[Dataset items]
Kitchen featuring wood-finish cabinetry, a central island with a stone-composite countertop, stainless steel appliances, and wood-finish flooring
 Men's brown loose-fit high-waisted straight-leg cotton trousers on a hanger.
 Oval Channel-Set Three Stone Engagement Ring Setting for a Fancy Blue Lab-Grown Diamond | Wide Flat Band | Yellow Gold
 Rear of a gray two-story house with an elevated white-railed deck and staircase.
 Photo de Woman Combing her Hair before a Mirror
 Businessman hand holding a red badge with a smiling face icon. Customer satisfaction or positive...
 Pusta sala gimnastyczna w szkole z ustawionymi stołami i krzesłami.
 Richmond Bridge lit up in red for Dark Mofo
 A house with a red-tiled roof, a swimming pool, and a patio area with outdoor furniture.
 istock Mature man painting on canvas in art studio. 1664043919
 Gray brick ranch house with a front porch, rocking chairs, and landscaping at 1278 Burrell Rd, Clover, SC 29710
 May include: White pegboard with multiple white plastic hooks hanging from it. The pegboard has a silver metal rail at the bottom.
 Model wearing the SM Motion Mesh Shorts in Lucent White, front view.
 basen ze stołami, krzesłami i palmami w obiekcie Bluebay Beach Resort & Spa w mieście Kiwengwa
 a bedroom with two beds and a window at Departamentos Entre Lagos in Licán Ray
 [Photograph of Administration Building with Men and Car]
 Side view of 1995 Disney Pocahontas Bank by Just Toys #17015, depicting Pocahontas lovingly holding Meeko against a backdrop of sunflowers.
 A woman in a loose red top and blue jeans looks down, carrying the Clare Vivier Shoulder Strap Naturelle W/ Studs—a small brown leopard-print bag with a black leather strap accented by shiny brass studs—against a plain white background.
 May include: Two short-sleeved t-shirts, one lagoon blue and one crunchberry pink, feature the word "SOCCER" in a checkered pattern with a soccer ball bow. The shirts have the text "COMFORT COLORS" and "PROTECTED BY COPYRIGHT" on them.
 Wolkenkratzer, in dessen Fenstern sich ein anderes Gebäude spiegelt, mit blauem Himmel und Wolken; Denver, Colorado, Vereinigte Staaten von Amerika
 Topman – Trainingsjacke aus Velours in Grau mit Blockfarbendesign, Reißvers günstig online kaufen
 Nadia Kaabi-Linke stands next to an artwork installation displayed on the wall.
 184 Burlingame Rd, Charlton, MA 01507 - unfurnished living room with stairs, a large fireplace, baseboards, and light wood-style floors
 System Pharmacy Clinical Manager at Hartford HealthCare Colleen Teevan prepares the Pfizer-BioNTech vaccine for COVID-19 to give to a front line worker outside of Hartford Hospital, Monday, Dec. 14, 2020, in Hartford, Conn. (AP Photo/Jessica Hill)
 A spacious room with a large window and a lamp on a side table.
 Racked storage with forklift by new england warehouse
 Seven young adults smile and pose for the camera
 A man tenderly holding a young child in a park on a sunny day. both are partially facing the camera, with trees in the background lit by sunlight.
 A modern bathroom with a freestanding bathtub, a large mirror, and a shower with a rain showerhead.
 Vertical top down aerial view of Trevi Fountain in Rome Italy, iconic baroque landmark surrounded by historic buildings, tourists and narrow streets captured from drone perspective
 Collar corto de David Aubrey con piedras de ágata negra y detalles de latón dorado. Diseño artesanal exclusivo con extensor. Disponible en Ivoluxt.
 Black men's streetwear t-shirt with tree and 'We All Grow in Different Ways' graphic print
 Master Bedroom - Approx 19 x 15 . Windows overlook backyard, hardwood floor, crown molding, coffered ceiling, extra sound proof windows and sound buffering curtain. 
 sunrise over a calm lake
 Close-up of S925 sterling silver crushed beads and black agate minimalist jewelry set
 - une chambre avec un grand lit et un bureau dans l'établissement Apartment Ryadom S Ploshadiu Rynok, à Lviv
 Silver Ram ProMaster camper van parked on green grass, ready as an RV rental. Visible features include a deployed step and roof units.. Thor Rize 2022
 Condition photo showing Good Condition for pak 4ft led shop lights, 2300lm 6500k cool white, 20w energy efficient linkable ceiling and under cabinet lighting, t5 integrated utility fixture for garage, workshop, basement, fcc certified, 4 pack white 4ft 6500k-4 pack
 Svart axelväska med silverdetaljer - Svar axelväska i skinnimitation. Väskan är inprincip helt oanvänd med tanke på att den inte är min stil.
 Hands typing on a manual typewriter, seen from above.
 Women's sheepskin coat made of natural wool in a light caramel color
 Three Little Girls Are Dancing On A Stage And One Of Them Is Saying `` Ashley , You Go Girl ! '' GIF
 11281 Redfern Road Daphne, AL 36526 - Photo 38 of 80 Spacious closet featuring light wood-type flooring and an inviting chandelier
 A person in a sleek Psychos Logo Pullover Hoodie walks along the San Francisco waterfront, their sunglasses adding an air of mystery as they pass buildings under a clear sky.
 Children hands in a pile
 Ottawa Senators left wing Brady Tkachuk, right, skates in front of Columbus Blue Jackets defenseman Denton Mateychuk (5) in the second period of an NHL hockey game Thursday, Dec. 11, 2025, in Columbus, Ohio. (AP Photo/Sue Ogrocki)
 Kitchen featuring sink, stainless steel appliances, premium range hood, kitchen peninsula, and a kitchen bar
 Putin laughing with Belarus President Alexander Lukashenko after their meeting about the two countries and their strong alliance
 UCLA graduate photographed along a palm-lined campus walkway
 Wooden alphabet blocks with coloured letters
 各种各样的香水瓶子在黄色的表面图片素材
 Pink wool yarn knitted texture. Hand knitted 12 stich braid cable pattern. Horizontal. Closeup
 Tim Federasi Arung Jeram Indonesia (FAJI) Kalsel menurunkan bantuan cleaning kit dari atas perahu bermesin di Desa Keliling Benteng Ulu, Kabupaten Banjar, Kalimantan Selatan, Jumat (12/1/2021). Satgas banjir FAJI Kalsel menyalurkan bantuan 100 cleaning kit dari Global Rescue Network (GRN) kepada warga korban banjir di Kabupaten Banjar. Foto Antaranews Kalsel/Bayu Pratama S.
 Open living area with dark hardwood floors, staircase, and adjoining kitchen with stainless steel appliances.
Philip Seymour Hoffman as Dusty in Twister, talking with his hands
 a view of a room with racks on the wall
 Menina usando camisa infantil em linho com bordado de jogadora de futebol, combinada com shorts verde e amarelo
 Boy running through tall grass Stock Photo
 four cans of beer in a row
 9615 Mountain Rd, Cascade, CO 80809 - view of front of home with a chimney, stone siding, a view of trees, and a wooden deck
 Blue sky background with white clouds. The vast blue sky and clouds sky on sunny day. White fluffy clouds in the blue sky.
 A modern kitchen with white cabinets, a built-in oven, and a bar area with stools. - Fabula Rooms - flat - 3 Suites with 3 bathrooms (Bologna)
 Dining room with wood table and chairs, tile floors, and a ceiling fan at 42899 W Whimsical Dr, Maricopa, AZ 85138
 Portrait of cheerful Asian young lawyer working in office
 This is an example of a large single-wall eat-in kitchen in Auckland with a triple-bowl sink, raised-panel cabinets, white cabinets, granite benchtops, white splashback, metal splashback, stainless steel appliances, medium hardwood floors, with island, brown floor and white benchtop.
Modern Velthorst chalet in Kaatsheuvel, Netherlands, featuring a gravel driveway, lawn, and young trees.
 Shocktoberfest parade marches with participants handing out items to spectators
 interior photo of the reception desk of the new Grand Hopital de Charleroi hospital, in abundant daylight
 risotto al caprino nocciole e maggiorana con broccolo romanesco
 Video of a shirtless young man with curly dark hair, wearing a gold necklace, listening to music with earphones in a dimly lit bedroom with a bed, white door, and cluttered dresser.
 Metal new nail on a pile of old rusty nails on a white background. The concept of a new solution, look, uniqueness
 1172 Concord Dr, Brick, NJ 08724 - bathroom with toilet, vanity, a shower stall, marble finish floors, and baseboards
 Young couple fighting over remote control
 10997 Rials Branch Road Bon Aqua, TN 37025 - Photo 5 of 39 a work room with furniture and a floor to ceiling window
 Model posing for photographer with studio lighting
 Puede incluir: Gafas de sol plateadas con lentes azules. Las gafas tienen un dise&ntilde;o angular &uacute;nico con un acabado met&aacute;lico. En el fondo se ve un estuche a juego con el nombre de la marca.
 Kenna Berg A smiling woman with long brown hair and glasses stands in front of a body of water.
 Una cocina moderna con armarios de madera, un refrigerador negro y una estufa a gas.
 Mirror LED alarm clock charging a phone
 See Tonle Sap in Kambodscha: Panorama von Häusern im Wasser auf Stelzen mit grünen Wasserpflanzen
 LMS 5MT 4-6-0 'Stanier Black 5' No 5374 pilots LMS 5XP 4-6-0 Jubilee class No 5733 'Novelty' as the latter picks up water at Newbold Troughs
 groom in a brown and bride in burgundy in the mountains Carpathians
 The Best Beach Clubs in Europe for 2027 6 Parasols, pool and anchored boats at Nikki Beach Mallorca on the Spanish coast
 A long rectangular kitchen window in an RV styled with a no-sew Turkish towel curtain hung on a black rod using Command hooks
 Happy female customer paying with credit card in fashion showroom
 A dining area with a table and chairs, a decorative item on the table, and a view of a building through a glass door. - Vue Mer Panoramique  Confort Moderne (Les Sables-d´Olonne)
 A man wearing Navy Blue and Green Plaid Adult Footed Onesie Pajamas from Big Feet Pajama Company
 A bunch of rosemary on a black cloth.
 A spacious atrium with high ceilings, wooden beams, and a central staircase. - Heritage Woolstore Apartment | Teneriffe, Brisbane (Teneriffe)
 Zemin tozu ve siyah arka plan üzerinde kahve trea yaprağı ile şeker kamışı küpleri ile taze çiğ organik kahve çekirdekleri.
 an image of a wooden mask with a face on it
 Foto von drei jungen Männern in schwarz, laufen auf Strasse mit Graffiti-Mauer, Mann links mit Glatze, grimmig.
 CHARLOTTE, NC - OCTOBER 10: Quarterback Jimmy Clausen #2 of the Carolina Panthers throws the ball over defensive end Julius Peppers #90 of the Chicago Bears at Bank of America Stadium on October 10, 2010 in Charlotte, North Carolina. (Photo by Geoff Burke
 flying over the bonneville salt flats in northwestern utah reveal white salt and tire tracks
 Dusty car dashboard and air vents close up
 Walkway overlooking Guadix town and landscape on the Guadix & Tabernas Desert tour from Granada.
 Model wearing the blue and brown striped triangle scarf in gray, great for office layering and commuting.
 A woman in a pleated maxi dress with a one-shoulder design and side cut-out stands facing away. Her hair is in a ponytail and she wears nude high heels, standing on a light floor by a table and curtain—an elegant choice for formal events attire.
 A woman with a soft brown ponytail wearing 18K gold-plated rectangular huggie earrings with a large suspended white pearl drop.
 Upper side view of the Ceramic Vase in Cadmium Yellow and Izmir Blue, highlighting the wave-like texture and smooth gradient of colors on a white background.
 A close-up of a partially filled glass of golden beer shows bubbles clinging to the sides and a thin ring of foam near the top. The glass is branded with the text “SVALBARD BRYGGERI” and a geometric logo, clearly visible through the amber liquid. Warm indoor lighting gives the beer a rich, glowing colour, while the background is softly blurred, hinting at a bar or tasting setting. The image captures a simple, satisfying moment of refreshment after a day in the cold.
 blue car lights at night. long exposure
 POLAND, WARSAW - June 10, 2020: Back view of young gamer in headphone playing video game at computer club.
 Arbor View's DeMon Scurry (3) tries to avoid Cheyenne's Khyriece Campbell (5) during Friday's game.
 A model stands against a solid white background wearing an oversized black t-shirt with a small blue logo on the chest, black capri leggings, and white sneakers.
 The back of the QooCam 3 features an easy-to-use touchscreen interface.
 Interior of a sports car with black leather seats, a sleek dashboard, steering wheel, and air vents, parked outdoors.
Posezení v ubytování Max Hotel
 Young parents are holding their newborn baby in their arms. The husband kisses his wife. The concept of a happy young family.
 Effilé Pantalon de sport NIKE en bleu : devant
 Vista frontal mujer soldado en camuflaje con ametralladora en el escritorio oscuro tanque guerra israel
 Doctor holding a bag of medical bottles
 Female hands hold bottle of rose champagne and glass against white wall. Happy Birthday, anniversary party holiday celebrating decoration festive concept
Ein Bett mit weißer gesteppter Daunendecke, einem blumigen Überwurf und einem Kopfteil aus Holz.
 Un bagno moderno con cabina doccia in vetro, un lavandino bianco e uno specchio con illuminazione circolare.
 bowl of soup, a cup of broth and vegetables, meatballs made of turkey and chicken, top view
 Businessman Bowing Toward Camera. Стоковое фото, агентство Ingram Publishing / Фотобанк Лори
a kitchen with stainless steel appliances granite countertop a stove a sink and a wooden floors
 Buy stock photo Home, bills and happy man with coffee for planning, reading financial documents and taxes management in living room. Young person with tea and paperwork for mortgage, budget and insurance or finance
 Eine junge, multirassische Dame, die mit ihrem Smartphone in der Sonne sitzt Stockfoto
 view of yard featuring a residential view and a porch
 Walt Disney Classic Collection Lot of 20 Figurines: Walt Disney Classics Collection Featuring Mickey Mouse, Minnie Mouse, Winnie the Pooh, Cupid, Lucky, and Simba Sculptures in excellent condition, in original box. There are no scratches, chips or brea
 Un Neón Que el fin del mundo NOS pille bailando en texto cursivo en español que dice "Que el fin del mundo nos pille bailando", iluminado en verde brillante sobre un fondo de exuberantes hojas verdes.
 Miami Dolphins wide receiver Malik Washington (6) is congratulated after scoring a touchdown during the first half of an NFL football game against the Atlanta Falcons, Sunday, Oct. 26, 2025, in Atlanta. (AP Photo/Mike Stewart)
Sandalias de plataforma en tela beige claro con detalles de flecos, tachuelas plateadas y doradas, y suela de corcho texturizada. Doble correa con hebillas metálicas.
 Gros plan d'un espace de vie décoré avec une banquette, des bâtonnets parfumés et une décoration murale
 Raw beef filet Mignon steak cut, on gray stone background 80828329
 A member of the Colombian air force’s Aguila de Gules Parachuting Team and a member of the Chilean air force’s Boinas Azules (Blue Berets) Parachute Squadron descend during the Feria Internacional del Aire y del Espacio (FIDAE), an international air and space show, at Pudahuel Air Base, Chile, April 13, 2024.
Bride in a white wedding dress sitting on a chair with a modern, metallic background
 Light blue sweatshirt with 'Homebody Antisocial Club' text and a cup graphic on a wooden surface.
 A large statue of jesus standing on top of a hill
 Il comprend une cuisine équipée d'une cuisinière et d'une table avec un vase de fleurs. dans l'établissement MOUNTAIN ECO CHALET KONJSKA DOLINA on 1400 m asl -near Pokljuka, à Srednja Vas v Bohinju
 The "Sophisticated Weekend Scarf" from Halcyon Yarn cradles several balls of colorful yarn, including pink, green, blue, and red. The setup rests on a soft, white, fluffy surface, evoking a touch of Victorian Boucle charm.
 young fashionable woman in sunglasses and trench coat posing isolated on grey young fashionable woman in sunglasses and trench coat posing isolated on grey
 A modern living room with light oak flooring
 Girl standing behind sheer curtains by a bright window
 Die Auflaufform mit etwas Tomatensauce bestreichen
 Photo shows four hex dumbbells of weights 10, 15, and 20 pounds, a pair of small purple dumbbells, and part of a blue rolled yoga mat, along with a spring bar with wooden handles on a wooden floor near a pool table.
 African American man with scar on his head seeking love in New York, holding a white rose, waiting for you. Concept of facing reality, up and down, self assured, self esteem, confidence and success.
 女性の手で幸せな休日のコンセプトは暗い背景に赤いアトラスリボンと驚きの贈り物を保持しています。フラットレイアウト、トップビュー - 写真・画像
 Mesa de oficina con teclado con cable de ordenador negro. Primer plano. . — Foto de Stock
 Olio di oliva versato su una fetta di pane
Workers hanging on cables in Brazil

- WHAT YOU SHOULD DO: Copy out, from the records above, every line that holds the string "smiling".

- TASK RESPONSE:
 Businessman hand holding a red badge with a smiling face icon. Customer satisfaction or positive...
 Kenna Berg A smiling woman with long brown hair and glasses stands in front of a body of water.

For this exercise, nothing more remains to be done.